Friday, May 27, 2011

My life, at the moment ,

Summer has officially started, and for the first few weeks it's been quite busy, for me. I am taking a breather, doing what I do best. Being lazy. Poop. For the first few weeks, I had a little church things I had to do, and then it was the Ephata retreat. The is probably the one retreat, that I have been looking foward to all year! There's just something so special, about it. The whole process the kids go through within three days, is truly life changing. I was fortunate enough to have been able to attend all three days. I don't know why, but gosh, I was too touched in so many ways by the holy spirit. When the feet washing came, I was so nervous. It wasn't even my confirmation. As I stood out at the door, I heard Anh Tam share his story... for the first time. I found him to be so admirable to come out, and share. It made me realize that my family may not be perfect, but we are family. Blood and flesh, and no matter what, that will never change. It will only stay consistent. That whole day, was very emotionally draining... I witnessed these kids being touched in so many ways, that i could feel it. After bawling so much, I started to fold the wet towels, and as I stood there, I stopped. I told my friend, I'm going to run into chapel for a bit. I got in the room, and kneel down to him. I just cried, and talked to Jesus. It had been so long. But it felt so right, as I cried the happiness, and sadness that I had been keeping inside for so long, I just asked him to watch over me. I told him everything. and how I was sorry for the things I've sinned. Everyone made fun od me for walking out with a red face lol. Anyways,  I don't know, but it was special day/ That's all I'm going to say... that weekend I had met a few new people and had gotten closer to a few. Wow, they are so amazing. They are always telling me that I am their motivator, their inspiration, but I can not take any credit.. because they were the ones who motivate me to better myself. I caught myself sharing some of my painful moments, and hearing and opening my hearts to others. It was amazing, so relieving. After the retreat was over, I came home and recieved all these kind messages from my friends and even my ex. It was so sweet.
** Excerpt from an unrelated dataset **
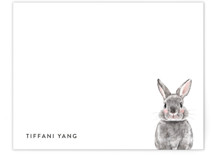 This is a grey kids thank you cards note by Cass Loh called Baby Animal Rabbit with standard printing on signature in standard.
I hear that my ex wants to talk to me again. After 9 months, and he wants to talk. A part of me says,  talk to him because deep down I want too, but then again, my feelings for him is like we just met just yesterday. So he did chat me, and we spoke briefly. It was nice. I saw him at jenny's confirmation, and as excited as I was to be there and to be her sponsor, I was excited to see him. I wanted to hug him, and let him know that joy I was feeling, how amazing it felt to be someone's sponsor. But I couldn't. I had to contain myself. I feel like there are still things he is holding back, and has not said to me. Then again, I feel the same way. I don't really know what to make of things, or what I should think. I'm just not going to hope on anything, and stay opened minded.  Blah, I don't know.

Becky had been having troubles, and she came over to my house . It was nice to see a familiar face from school, and all we did was talk.  It was great to just have one another, and talk about everything. That's the one thing, I am so blessed for- friends. Everyone, has been has too great too me, and sometimes I feel like I don't deserve the,, at all. No matter how far, or how close I know that they will always be there for me. So thank you, guys. Thank you for being so wonderful!! I love you all!!!